Copy task, pictures excluded: set down exactly the lines from the one containing "Сток-фото: Small Easel" to the end of the data below.

┌─ Exercise data

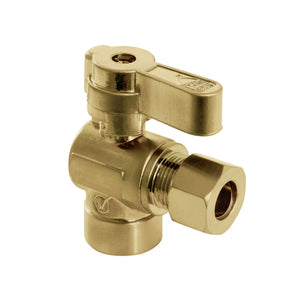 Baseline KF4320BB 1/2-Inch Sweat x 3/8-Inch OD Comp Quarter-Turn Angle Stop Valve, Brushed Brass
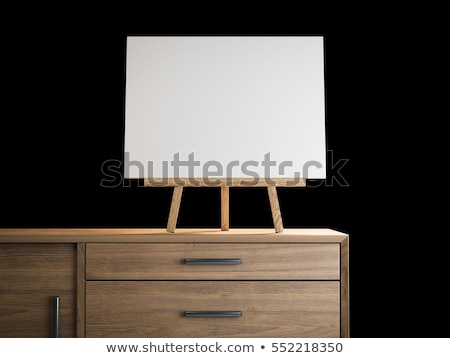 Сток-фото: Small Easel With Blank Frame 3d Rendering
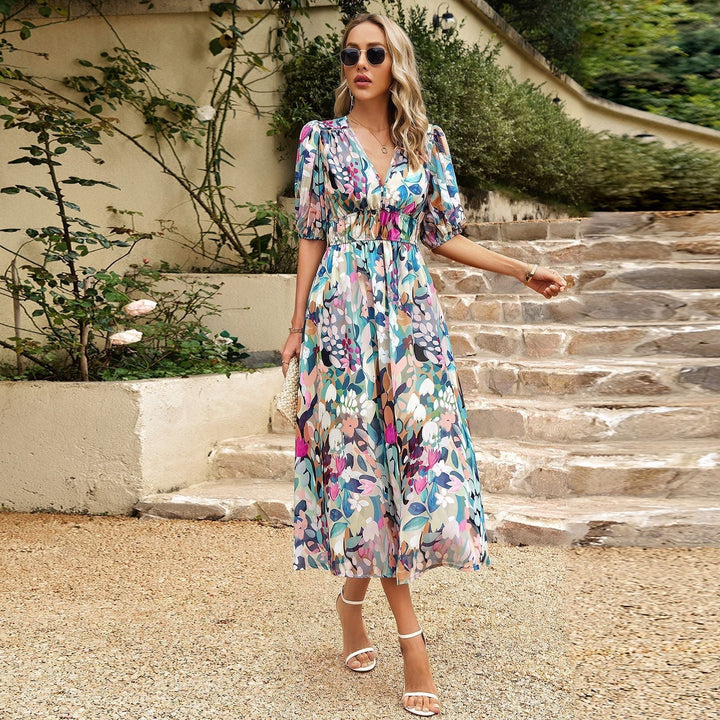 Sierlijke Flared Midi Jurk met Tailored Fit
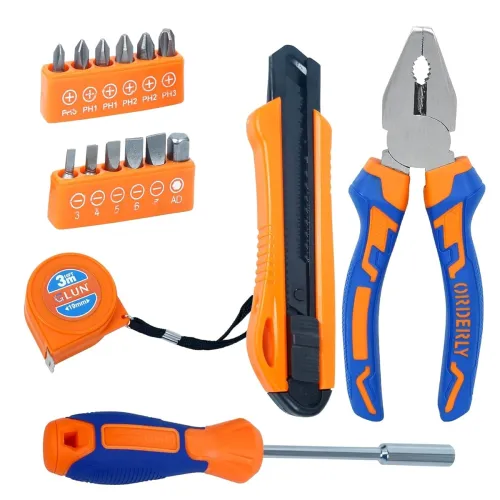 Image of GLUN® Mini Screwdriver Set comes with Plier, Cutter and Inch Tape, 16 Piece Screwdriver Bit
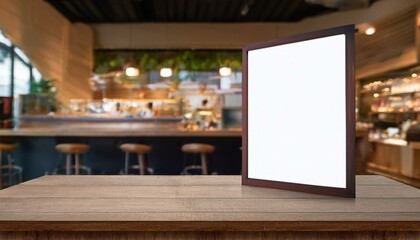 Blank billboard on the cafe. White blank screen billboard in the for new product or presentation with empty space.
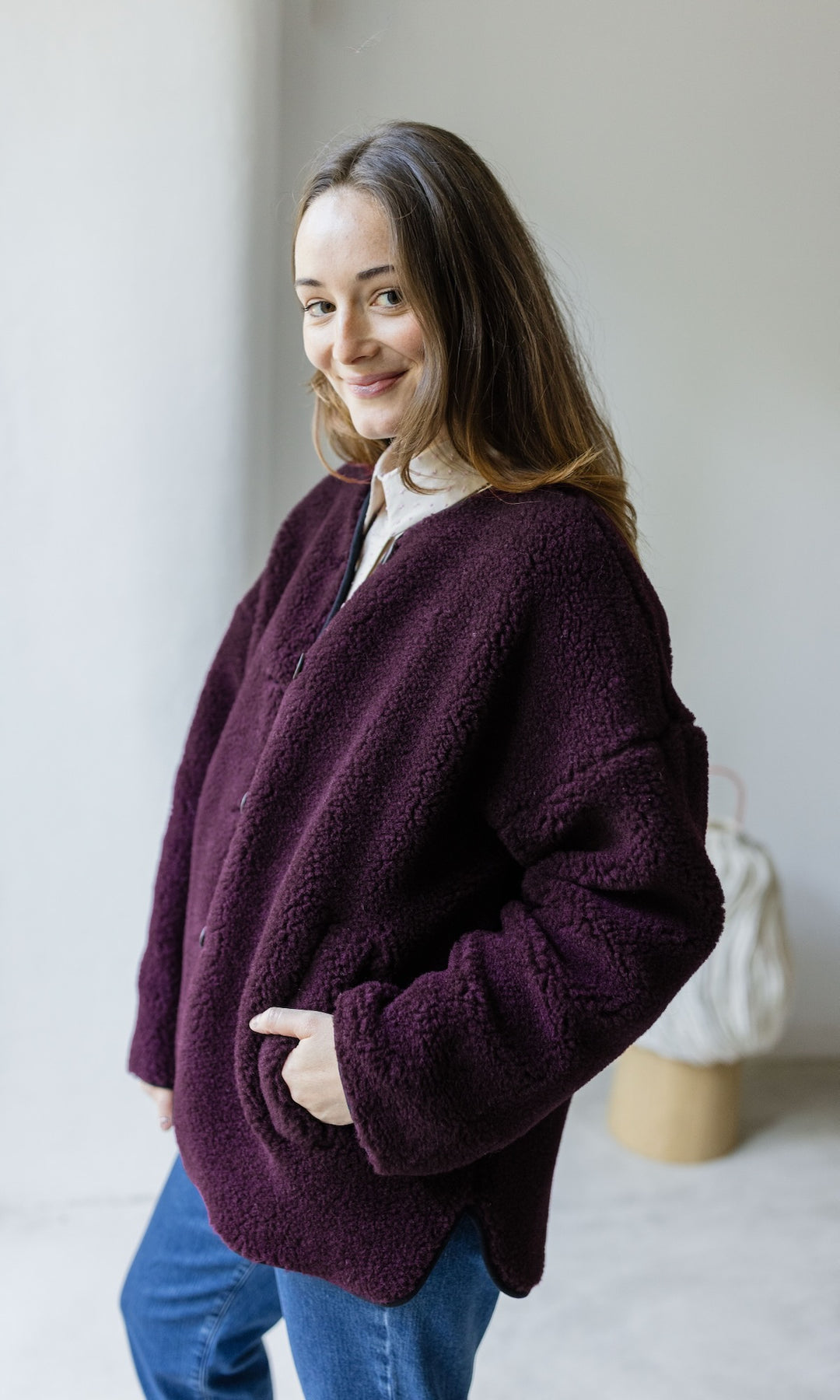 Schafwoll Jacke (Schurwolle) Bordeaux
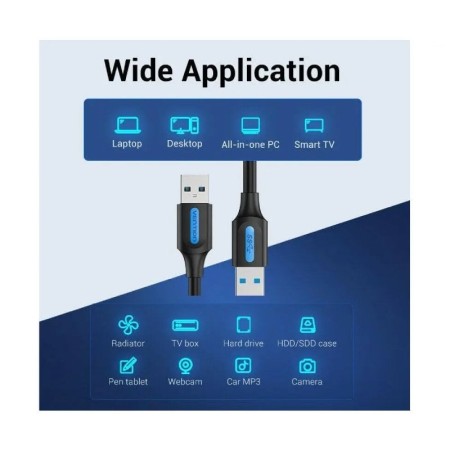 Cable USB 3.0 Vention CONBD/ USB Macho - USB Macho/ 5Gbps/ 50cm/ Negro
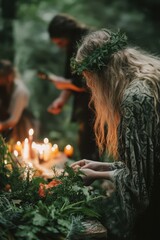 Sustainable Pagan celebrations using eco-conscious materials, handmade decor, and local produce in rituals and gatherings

└─

→ **Answer space**:
 Сток-фото: Small Easel With Blank Frame 3d Rendering
 Sierlijke Flared Midi Jurk met Tailored Fit
 Image of GLUN® Mini Screwdriver Set comes with Plier, Cutter and Inch Tape, 16 Piece Screwdriver Bit
 Blank billboard on the cafe. White blank screen billboard in the for new product or presentation with empty space.
 Schafwoll Jacke (Schurwolle) Bordeaux
 Cable USB 3.0 Vention CONBD/ USB Macho - USB Macho/ 5Gbps/ 50cm/ Negro
 Sustainable Pagan celebrations using eco-conscious materials, handmade decor, and local produce in rituals and gatherings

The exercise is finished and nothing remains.